WHAT THE EXERCISE ASKS:
Output all entries verbatim. Skip pictures.

DATA EXTRACTS:
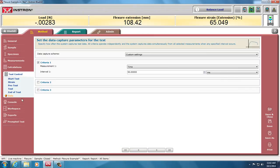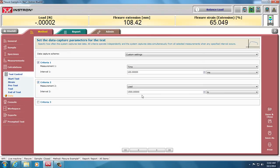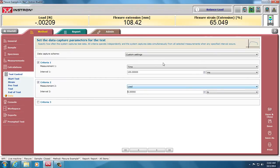We have to choose how we take our data. This default here is at 50 milliseconds. We could change that to whatever number we want. We can also add other criteria, such as every 150 newtons or every 5 newtons we could take extra data. That's in case we want to make sure we absolutely catch the peak load.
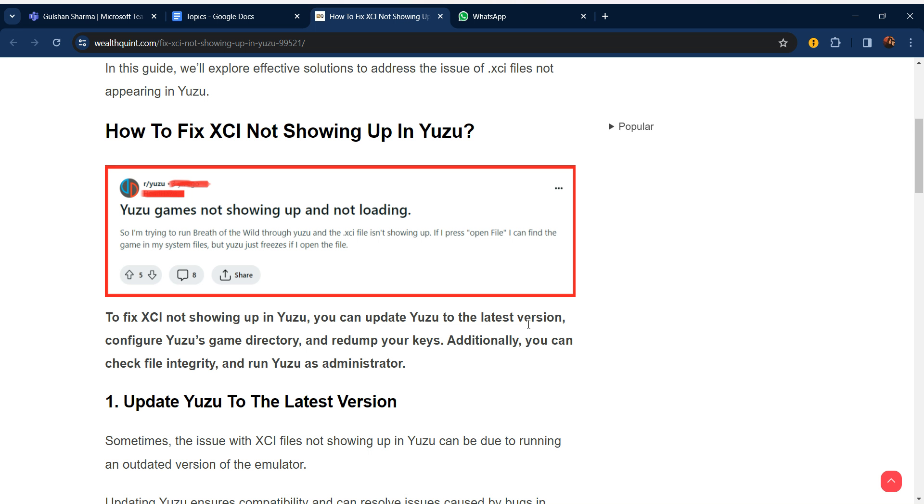Hello everyone, welcome to our YouTube channel. In this video, we will guide you through the process of how to fix XCI not showing up in Yuzu. Guys, if you are facing this issue, don't worry, we are going to solve this issue step by step.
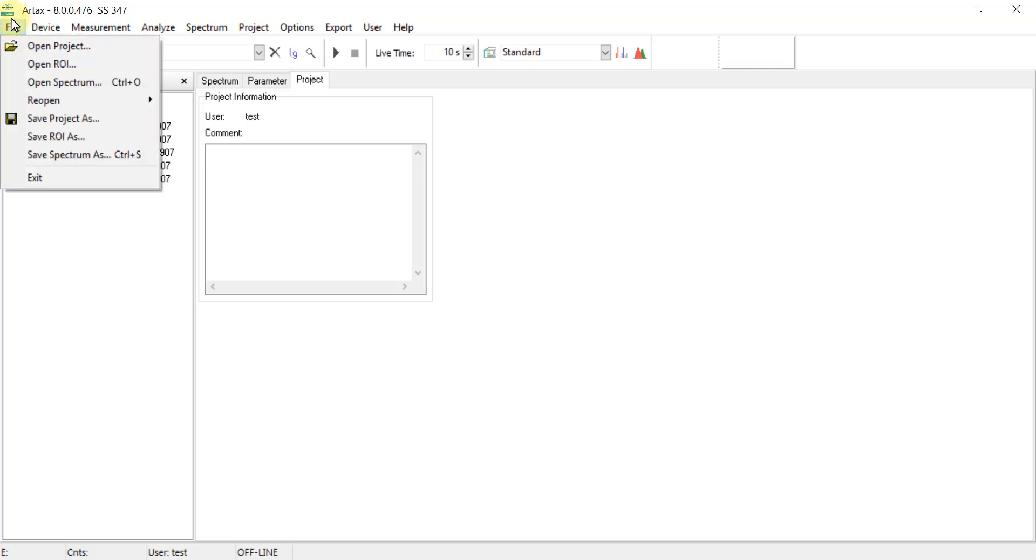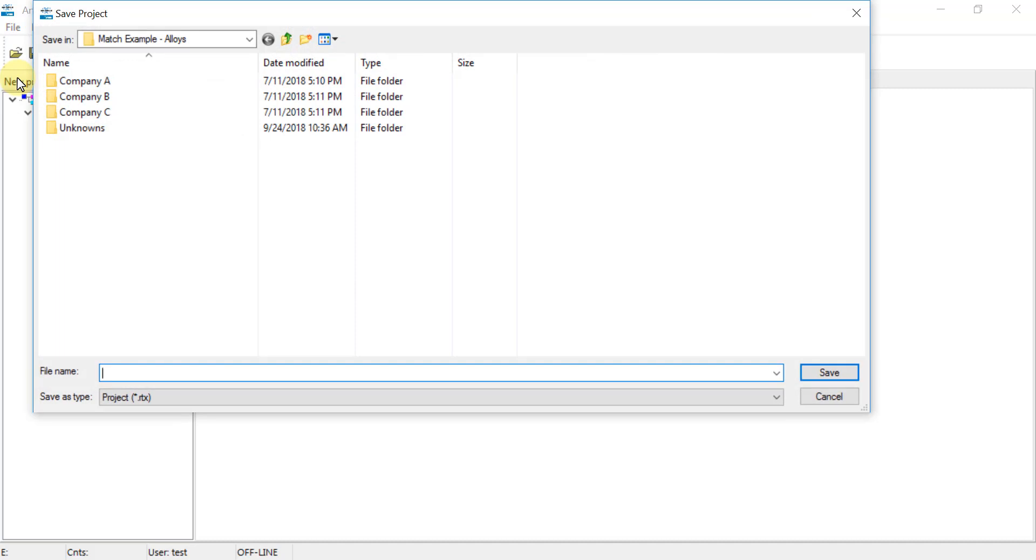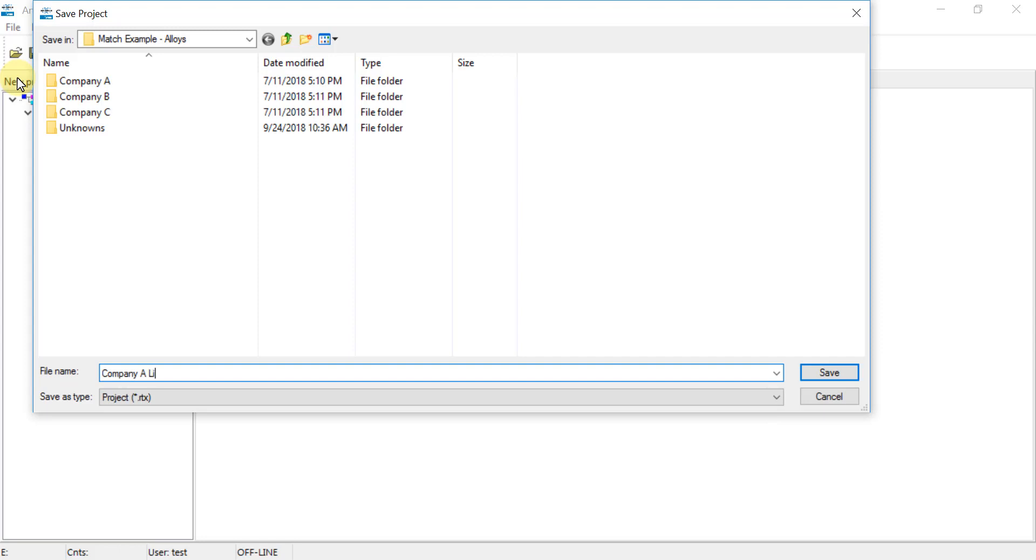From here, we go back to File, Save Project As, and we will give this library a name, and then it will store this as a .rtx file, which will be the library for this particular set of PDZ files. Hit save, and now that library is stored.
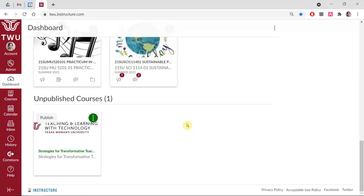To move a course from unpublished to published, you can either click the Publish button on the course card, or navigate to the course and publish from there.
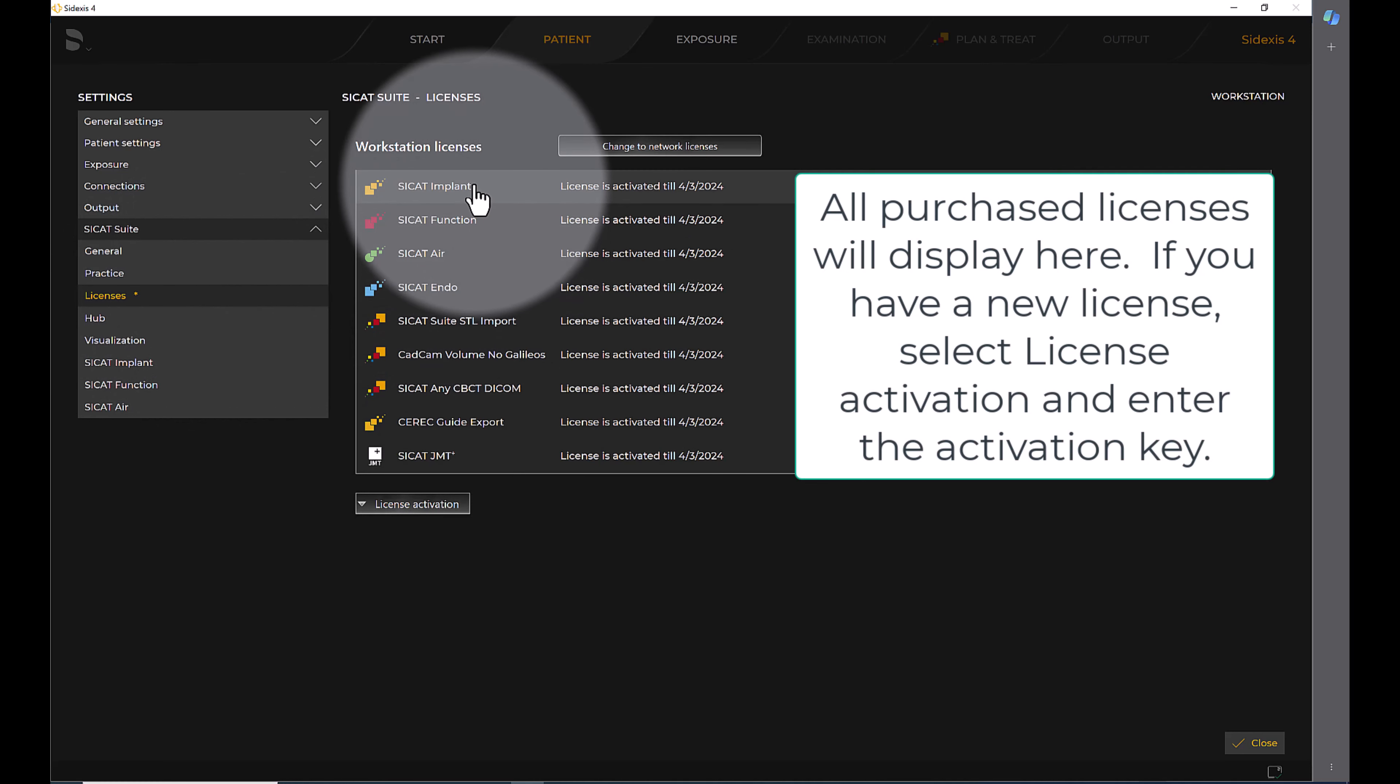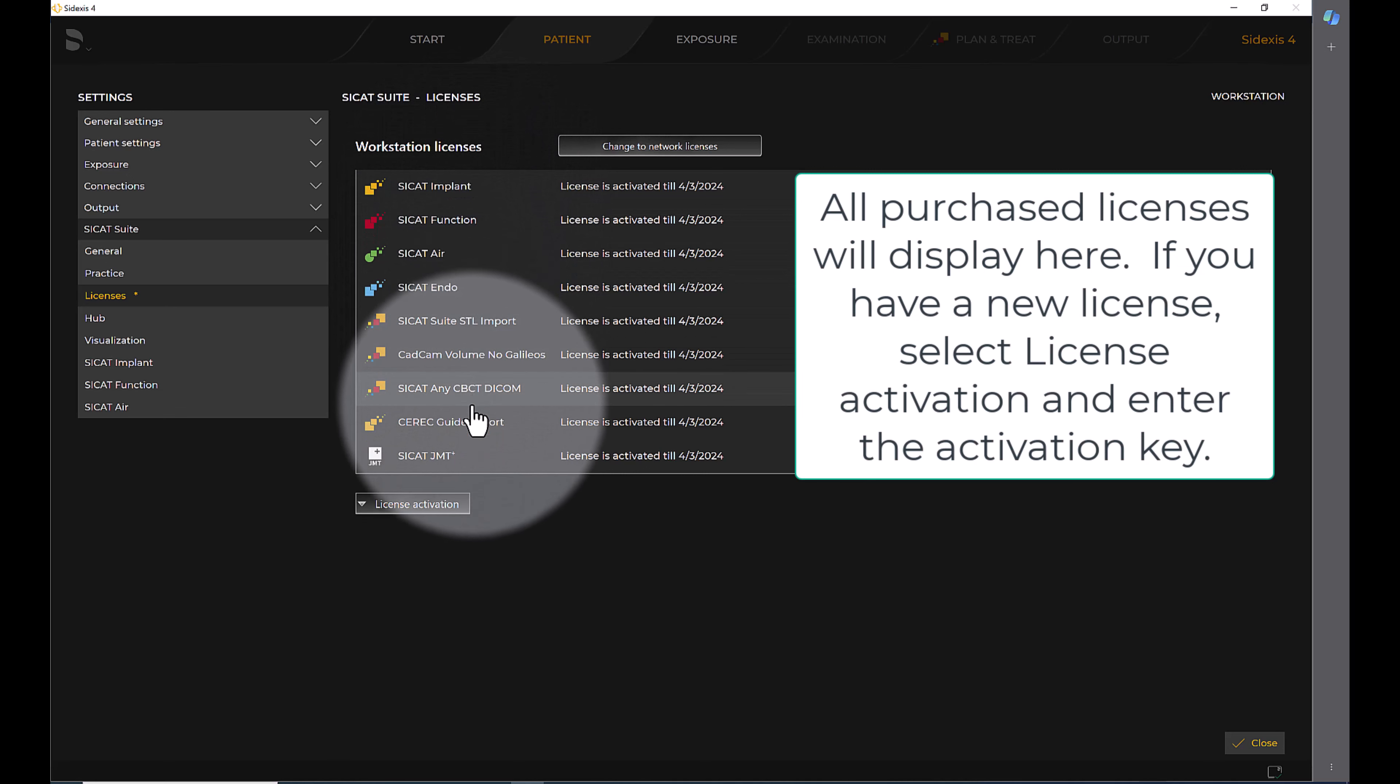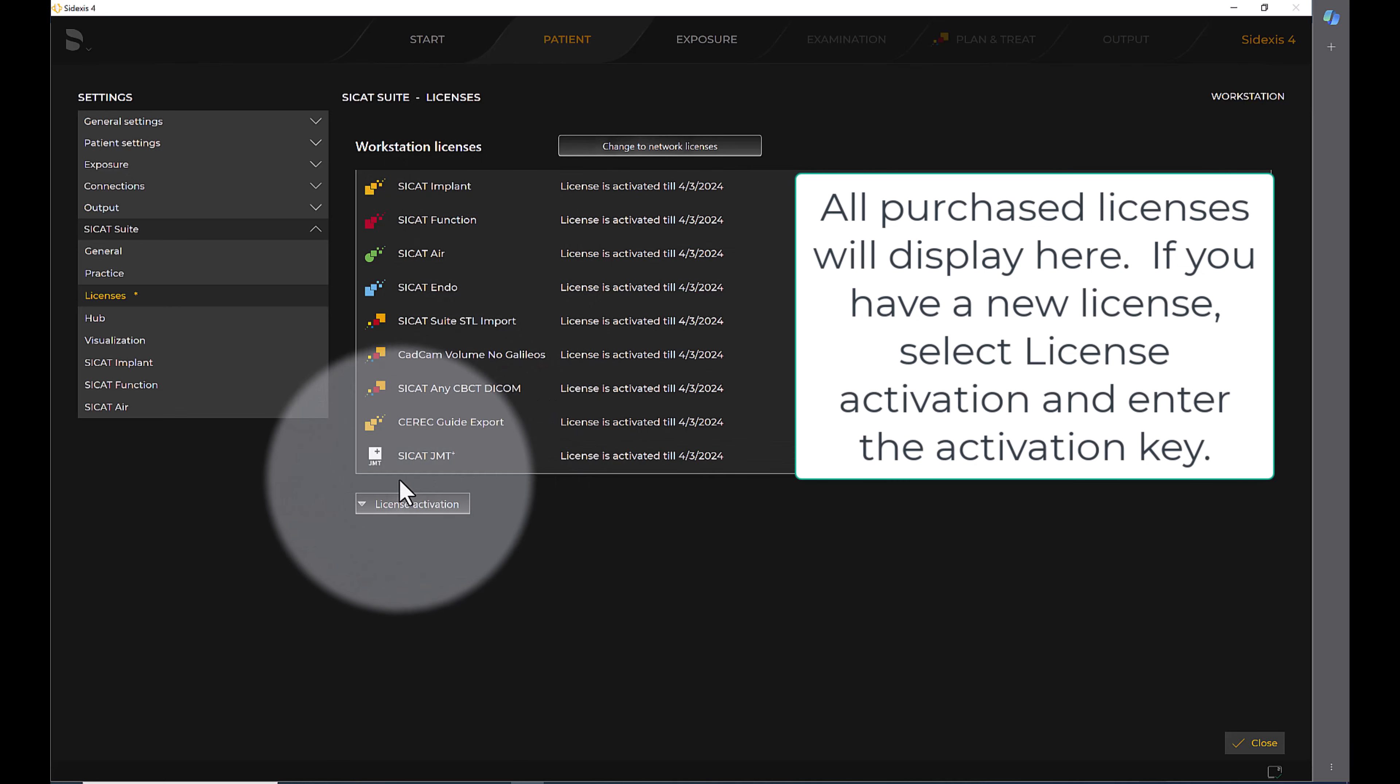All purchased licenses will display here. If you have a new license, select License Activation and enter the activation key.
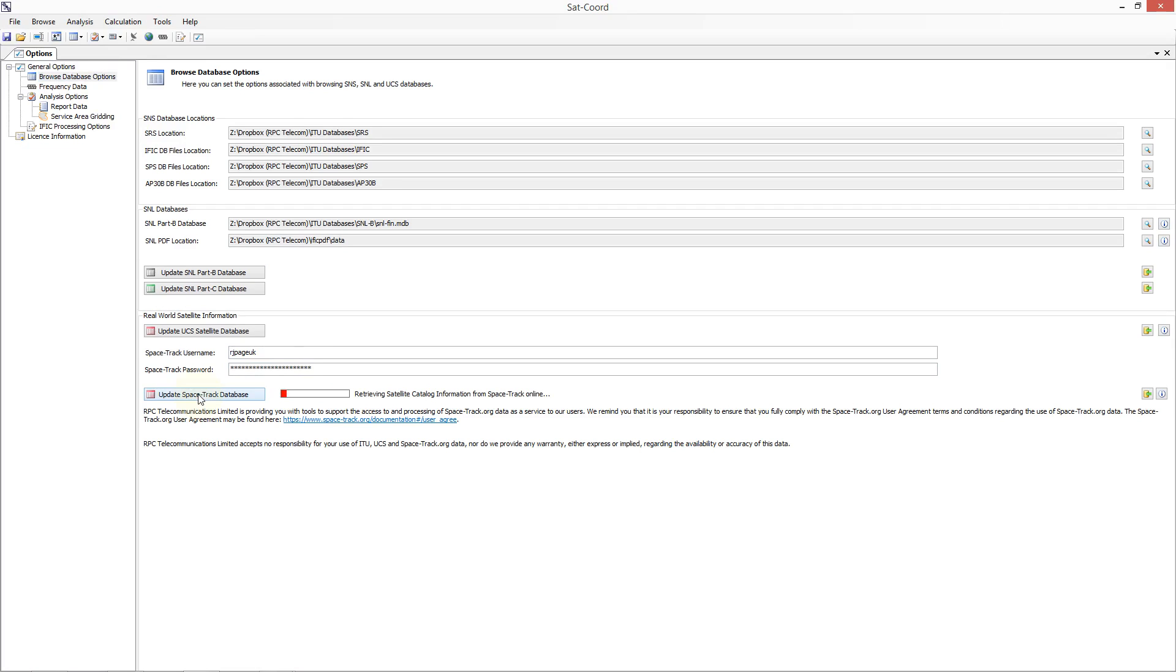SACCORD will then retrieve the latest two-line element set, or TLE for short, associated with each of these objects if there is one. The TLE is the set of data listing orbital elements that describe the state—both position and velocity—of an Earth-orbiting object.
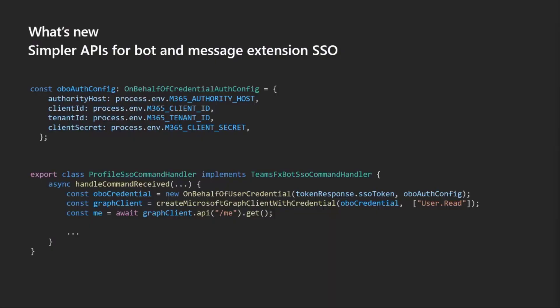We've also been working on improving the Teams FX SDK and the things that we see developers doing. There's been several quality of life improvements. This is one of them. We're trying to make it simpler to add single sign-on to bots and message extensions. So we already have what I feel is and what we hear from you folks is a pretty simple SDK for doing SSO with tabs, so we're trying to do the same thing for bots.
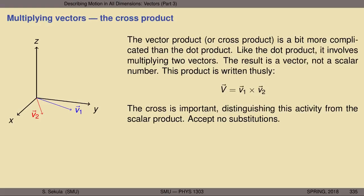The cross product, or vector product, is a bit more complicated than its cousin the dot product. Like the dot product, it involves multiplying two vectors, which for the purposes of this portion of the lecture I'll label as V1 and V2. Unlike the dot product, the result is a vector, not a number. We represent this special product as V1 cross V2, where the symbol for cross-multiplication is the classic arithmetic times symbol — an X or a cross.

WRITTEN SOLUTION:
We have to choose how we take our data. This default here is at 50 milliseconds. We could change that to whatever number we want. We can also add other criteria, such as every 150 newtons or every 5 newtons we could take extra data. That's in case we want to make sure we absolutely catch the peak load.
Hello everyone, welcome to our YouTube channel. In this video, we will guide you through the process of how to fix XCI not showing up in Yuzu. Guys, if you are facing this issue, don't worry, we are going to solve this issue step by step.
From here, we go back to File, Save Project As, and we will give this library a name, and then it will store this as a .rtx file, which will be the library for this particular set of PDZ files. Hit save, and now that library is stored.
To move a course from unpublished to published, you can either click the Publish button on the course card, or navigate to the course and publish from there.
All purchased licenses will display here. If you have a new license, select License Activation and enter the activation key.
SACCORD will then retrieve the latest two-line element set, or TLE for short, associated with each of these objects if there is one. The TLE is the set of data listing orbital elements that describe the state—both position and velocity—of an Earth-orbiting object.
We've also been working on improving the Teams FX SDK and the things that we see developers doing. There's been several quality of life improvements. This is one of them. We're trying to make it simpler to add single sign-on to bots and message extensions. So we already have what I feel is and what we hear from you folks is a pretty simple SDK for doing SSO with tabs, so we're trying to do the same thing for bots.
The cross product, or vector product, is a bit more complicated than its cousin the dot product. Like the dot product, it involves multiplying two vectors, which for the purposes of this portion of the lecture I'll label as V1 and V2. Unlike the dot product, the result is a vector, not a number. We represent this special product as V1 cross V2, where the symbol for cross-multiplication is the classic arithmetic times symbol — an X or a cross.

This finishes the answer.